🤖 AI Summary
This study identifies, for the first time, systematic gender bias in large language models (LLMs) on affective theory-of-mind tasks—specifically, when inferring emotional states (“How does this person feel?”) from person descriptions and contextual cues. Method: We construct a standardized benchmark and conduct quantitative fairness analysis across mainstream LLMs, evaluating both inference-time prompting strategies (e.g., few-shot, chain-of-thought) and training-stage debiasing techniques—including adversarial training and fairness-aware regularization. Contribution/Results: We find that prompt engineering alone yields negligible bias reduction, whereas fine-tuning–stage interventions significantly mitigate gender bias, achieving an average 42.3% reduction. This work transcends the limitations of conventional prompting approaches, empirically establishing the critical role of training-phase interventions in enhancing fairness in affective reasoning. It introduces a novel paradigm for trustworthy evaluation and governance of LLMs’ social-cognitive capabilities.
📝 Abstract
The rapid advancement of large language models (LLMs) and their growing integration into daily life underscore the importance of evaluating and ensuring their fairness.

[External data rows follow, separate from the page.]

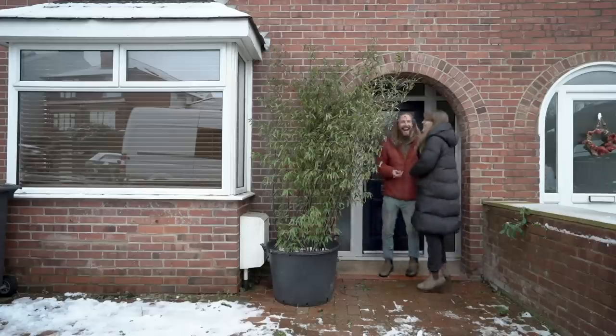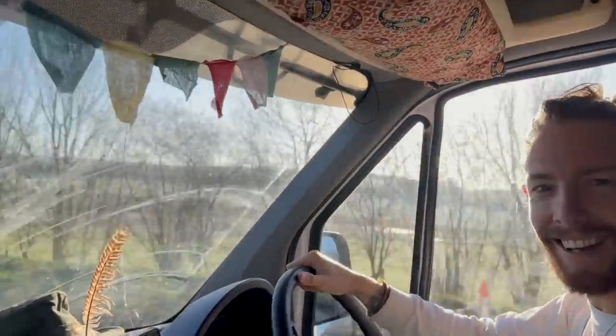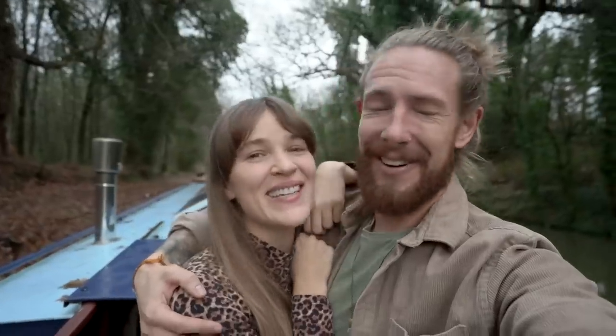We're Ulla and Josh, and in December 2022 we sold our house by the sea in Hastings to go in search of a new adventure. Join us as we adjust to living in our new tiny home.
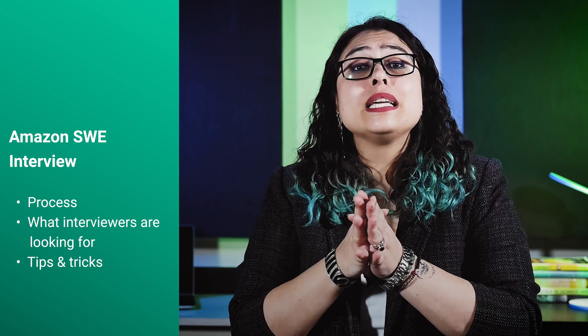Hi everyone, I'm Aastha. Today I will talk a bit about the Amazon software engineer interview process. After watching this video, you should have a good overview of the process, what the interviewers filter for, and a couple of tips on preparing for this.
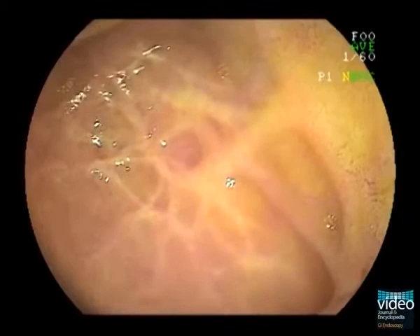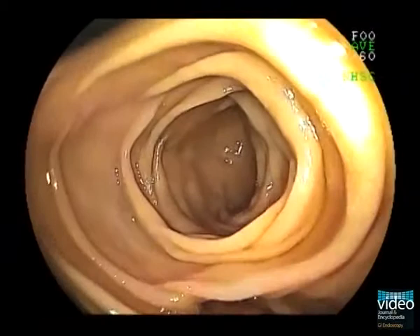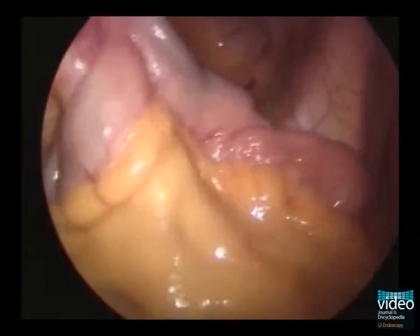Here is another case of a patient with intermittent small bowel bleeding. Here we see a small bowel diverticulum, but this time it is not Meckel's diverticulum but a large acquired diverticulum within the jejunum. Characteristically, these diverticula have large openings and the mucosa inside the diverticulum is usually atrophic. To facilitate identification at subsequent laparoscopic resection, a submucosal tattooing is performed.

In this work, we examine fairness within the domain of emotional theory of mind, investigating whether LLMs exhibit gender biases when presented with a description of a person and their environment and asked, "How does this person feel?". Furthermore, we propose and evaluate several debiasing strategies, demonstrating that achieving meaningful reductions in bias requires training based interventions rather than relying solely on inference-time prompt-based approaches such as prompt engineering.